Best Stocks for 2017: General Motors Corporation (GM) Stock Off to a Slow Start GM Stock

That’s OK. I’ve been here before. Around this time last year, I was in dead last place and down an embarrassing 70%. And yet I finished the year just fine, thank you very much.

I can’t promise that General Motors will mount an equally impressive comeback. But I can promise you this. It’s still very early in 2017, and a lot will happen between now and Dec. 31.

How GM Stock is Faring

So, why is GM’s engine sputtering? After all, American auto sales are near post-crisis highs. And 2016 was actually a record year.

Looking ahead, lower crude oil prices — and a new presidential administration that is friendlier to fossil fuels — promise to tilt General Motors’ sales mix towards its more profitable (yet far more gas-thirsty) light trucks and SUVs.

A rising tide lifts all boats, and General Motors revenues have been trending steeply higher for the past two years. Seriously, what is there not to like here?

Wall Street fears that today’s high auto sales are unsustainable, driven in part by low interest rates that encouraged irresponsible borrowing by consumers who have bitten off more than they can chew.

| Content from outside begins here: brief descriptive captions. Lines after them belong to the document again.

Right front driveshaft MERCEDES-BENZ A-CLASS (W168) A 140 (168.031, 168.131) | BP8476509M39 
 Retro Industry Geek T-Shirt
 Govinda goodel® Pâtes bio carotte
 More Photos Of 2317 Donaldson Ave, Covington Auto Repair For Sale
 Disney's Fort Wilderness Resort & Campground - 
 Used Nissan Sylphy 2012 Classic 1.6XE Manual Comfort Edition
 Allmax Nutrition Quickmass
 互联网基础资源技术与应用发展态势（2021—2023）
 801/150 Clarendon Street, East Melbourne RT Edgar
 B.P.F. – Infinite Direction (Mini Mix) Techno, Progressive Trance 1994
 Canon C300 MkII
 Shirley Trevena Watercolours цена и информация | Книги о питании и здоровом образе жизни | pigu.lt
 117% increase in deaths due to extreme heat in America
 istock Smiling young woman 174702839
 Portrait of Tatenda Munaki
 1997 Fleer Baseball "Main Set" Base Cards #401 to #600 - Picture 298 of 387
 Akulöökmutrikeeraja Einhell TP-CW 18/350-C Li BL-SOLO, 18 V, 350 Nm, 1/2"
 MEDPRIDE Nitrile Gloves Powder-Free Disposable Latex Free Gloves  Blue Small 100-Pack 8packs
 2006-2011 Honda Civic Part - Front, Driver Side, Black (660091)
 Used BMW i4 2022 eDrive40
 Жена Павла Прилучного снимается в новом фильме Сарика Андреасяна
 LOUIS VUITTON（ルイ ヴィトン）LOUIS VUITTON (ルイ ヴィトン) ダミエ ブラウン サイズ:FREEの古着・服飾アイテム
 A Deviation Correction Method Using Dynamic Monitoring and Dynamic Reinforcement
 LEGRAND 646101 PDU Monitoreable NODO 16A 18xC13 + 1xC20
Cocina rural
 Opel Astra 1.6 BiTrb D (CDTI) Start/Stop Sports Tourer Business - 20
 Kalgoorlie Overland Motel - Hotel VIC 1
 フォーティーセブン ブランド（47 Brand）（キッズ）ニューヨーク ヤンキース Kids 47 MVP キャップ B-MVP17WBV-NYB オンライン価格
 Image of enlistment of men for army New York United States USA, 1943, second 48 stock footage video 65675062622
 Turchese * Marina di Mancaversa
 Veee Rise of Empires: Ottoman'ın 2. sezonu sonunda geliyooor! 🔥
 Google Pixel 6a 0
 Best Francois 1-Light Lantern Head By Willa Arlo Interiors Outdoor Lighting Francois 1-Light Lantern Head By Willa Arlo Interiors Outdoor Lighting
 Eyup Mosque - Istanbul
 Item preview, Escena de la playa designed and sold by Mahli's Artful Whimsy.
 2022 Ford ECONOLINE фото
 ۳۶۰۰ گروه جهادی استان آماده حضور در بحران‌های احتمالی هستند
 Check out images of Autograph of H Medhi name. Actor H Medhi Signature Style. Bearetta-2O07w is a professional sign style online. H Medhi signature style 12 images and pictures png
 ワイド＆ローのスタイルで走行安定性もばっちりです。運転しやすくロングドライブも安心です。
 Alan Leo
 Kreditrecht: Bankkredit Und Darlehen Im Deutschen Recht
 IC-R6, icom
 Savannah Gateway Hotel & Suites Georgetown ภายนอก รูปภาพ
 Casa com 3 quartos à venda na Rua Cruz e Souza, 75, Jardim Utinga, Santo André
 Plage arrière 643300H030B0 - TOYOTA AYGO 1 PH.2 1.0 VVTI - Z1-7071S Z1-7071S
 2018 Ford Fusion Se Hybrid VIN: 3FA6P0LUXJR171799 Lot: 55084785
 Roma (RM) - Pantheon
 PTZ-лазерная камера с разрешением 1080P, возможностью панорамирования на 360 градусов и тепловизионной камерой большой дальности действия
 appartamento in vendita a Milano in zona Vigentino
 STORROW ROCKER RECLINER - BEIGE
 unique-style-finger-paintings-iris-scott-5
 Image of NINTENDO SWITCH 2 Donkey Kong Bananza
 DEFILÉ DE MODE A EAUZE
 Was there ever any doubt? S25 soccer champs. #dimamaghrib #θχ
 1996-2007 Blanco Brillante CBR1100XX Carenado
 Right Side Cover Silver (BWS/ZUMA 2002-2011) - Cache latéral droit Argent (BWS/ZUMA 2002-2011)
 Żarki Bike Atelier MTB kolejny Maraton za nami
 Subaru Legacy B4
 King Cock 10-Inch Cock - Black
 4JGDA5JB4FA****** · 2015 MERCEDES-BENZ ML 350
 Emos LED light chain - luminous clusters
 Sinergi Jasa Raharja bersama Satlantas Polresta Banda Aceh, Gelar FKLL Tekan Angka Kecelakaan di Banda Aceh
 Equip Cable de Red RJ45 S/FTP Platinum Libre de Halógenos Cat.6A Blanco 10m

And there is certainly some truth to this. In 2016, a record number of U.S. vehicle trade-ins — nearly a third — had outstanding loans larger than the value of the car, meaning that the balance from the old car gets rolled into the loan for the new car. It’s not surprising that the kind of person that would tack auto debt on top of auto debt would also have a hard time paying the bills, and auto loan delinquencies are rising, particularly among subprime borrowers.